Жизнь как «что-то другое» — это и есть недостаточность и избыточность представлений о жизни, при этом не попеременно, а одномоментно: жизнь всегда другое — другое нехватки, другое избытка. Это можно было бы назвать линиями ускользания жизни — ускользания в одно и в другое. Как правило, образы жизни, разговоры о жизни ничего не значат: когда слышишь разговор «о жизни», «от жизни» или «за жизнь», хочется сбежать, настолько это все не о том. И в то же время понимаешь, что, о чем бы ты ни говорил, ты в любом случае говоришь о ней, размножаешь представление о ней, не в силах остановиться, чтобы не говорить о ней, не искать ее образы.

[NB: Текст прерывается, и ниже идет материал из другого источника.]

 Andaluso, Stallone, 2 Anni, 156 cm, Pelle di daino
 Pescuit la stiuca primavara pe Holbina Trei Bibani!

Однако каким бы ни было представление о жизни — будь то в форме образа жизни или рефлексии о ней, оно, несомненно, ставит и другую проблему, связанную с границей между жизнью и отношением к ней. В самом деле, философский трюизм, что одно дело — жить, другое — относиться к жизни, имеет и тот смысл, что представление об этой ускользающей от рефлексии жизни складывается в форме отношения к ней, а это отношение, в свою очередь, может развиваться, и именно в зависимости от типа этого развития формируется образ жизни.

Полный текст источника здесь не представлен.